Brief: Write out word for word the lines from the one holding "Used 2025 Ford" through the end of the data, and only those lines. Pictures stay out.

Captioned web images
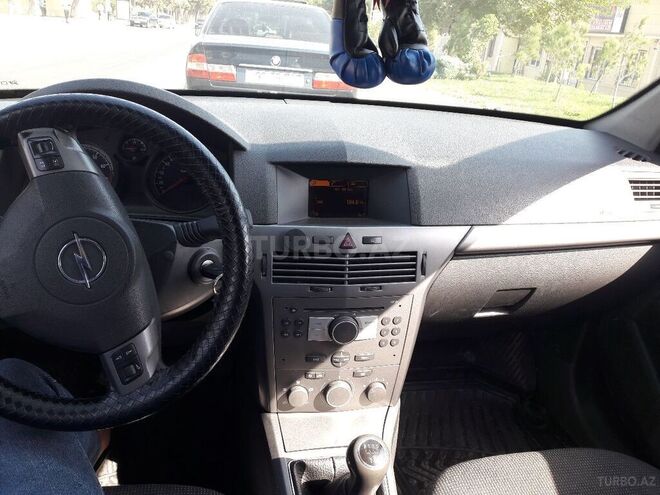 Opel Astra 2005, 295,000 km - 1.4 l - Bakı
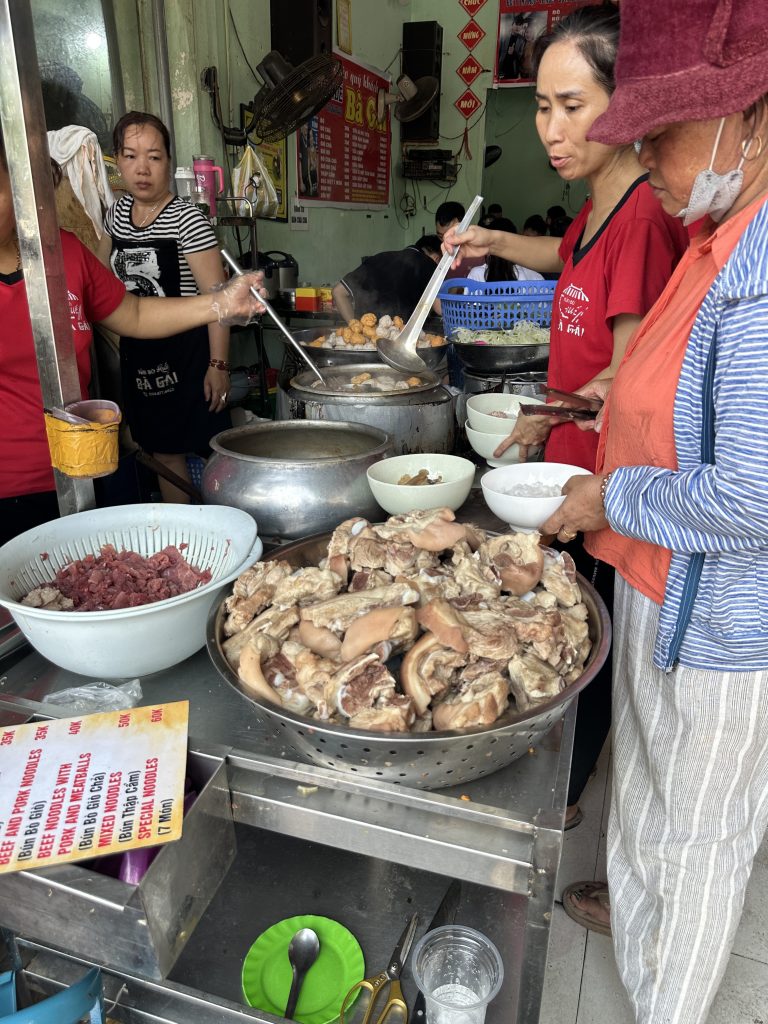 ブンボーフエの名店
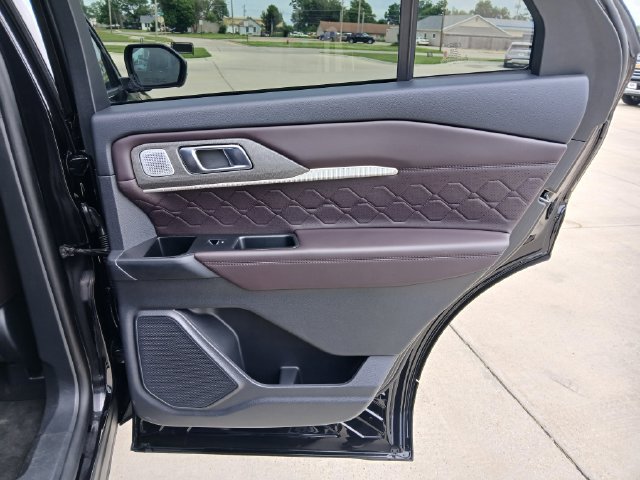 Used 2025 Ford Explorer Platinum w/ LUX Leather Package AWD/4WD image 22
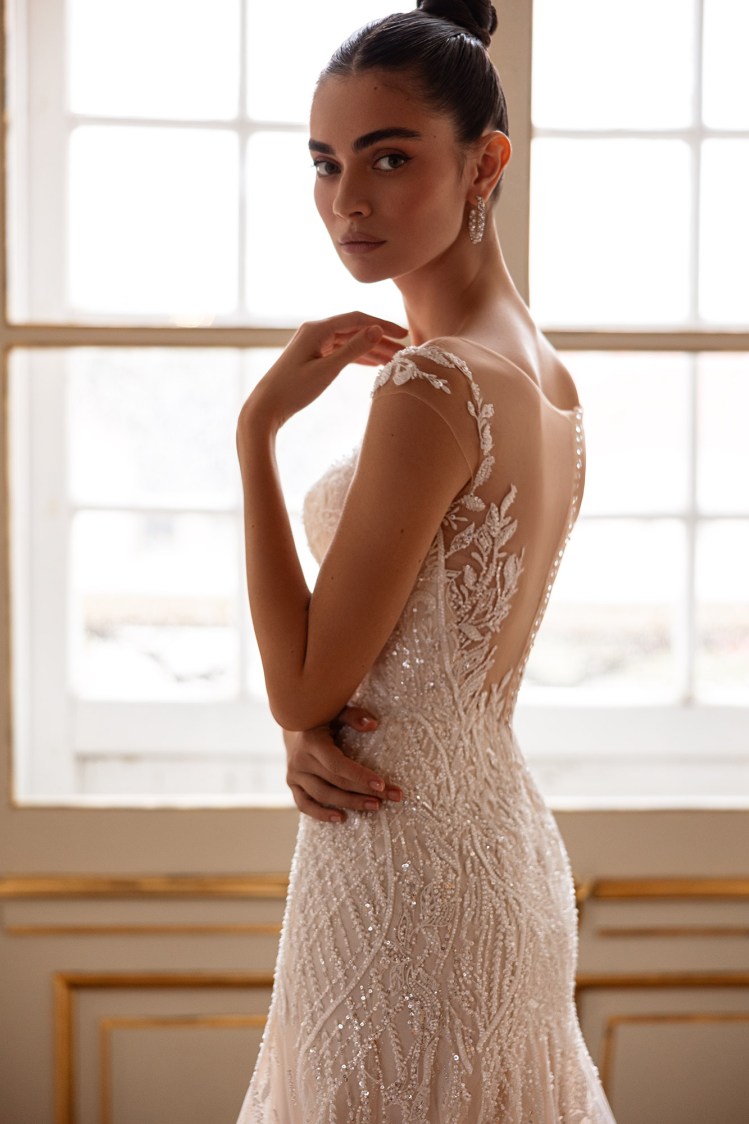 Dress RE236 Fiorina from the Royal Elegance collection by Angeo Bridal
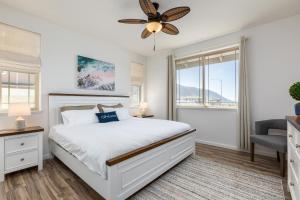 Un pat sau paturi într-o cameră la @ Marbella Lane-Modern Home w/Mountain+Ocean View!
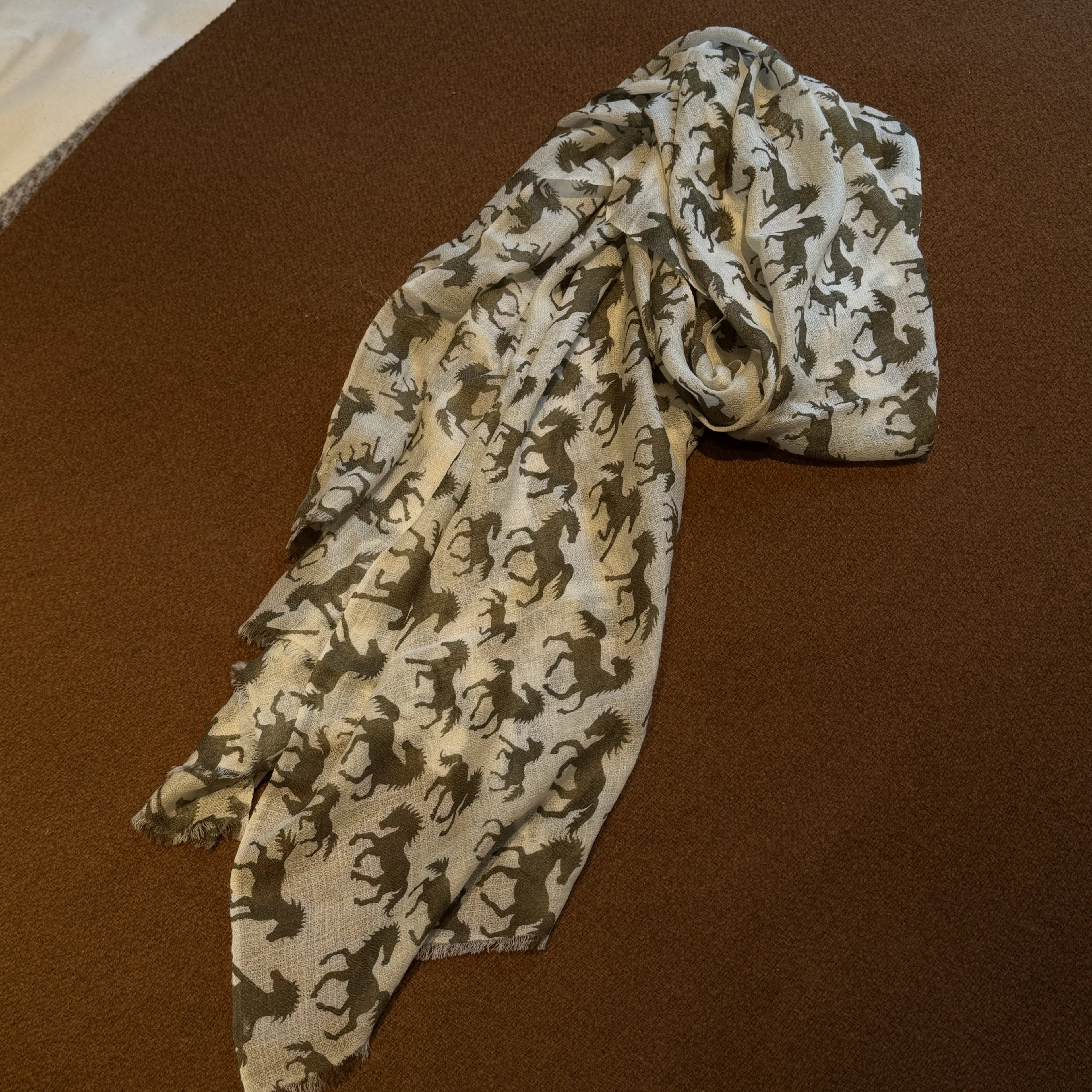 Wild Plateau | Pure Himalayan Cashmere Scarf Handcrafted in Nepal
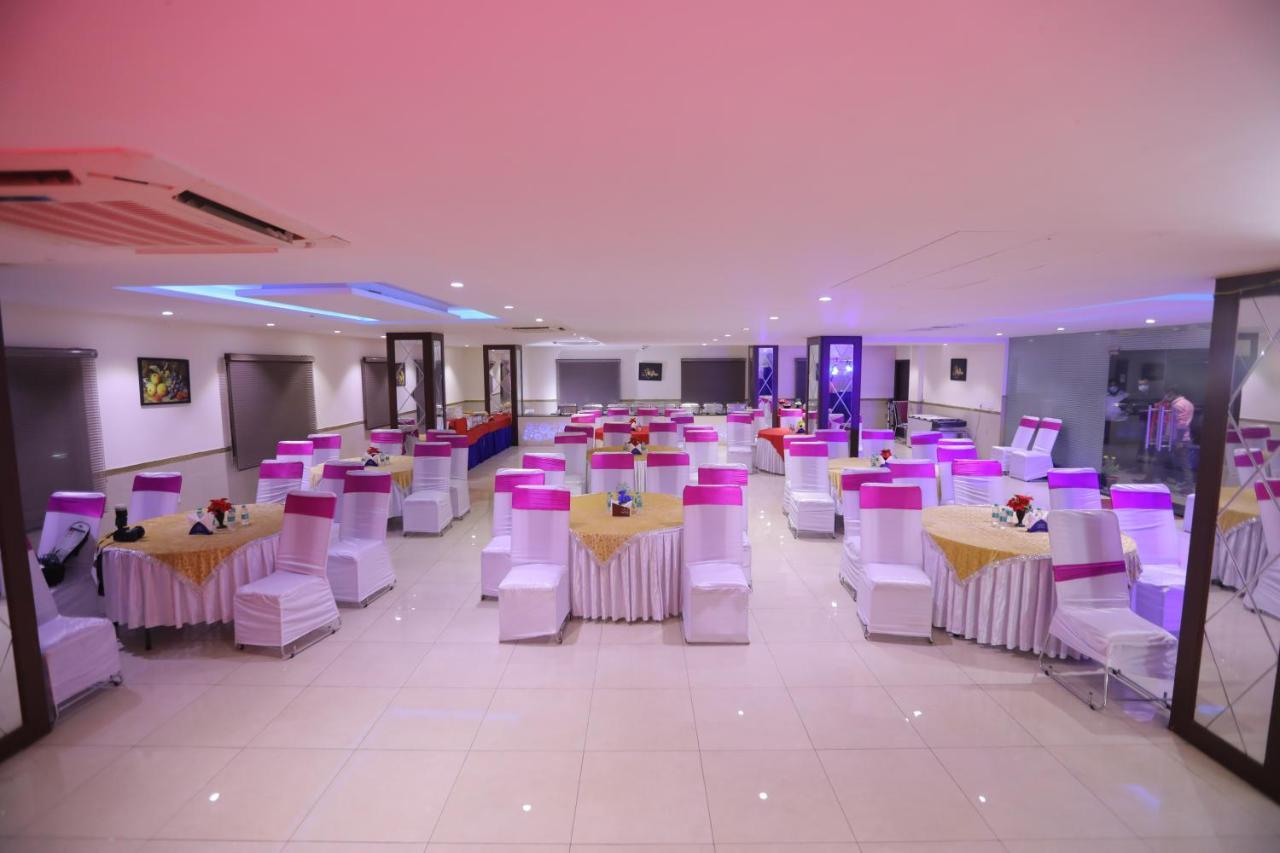 Airport Hotel Bollywood Paradise New Delhi Extérieur photo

Solution to this problem:
 Used 2025 Ford Explorer Platinum w/ LUX Leather Package AWD/4WD image 22
 Dress RE236 Fiorina from the Royal Elegance collection by Angeo Bridal
 Un pat sau paturi într-o cameră la @ Marbella Lane-Modern Home w/Mountain+Ocean View!
 Wild Plateau | Pure Himalayan Cashmere Scarf Handcrafted in Nepal
 Airport Hotel Bollywood Paradise New Delhi Extérieur photo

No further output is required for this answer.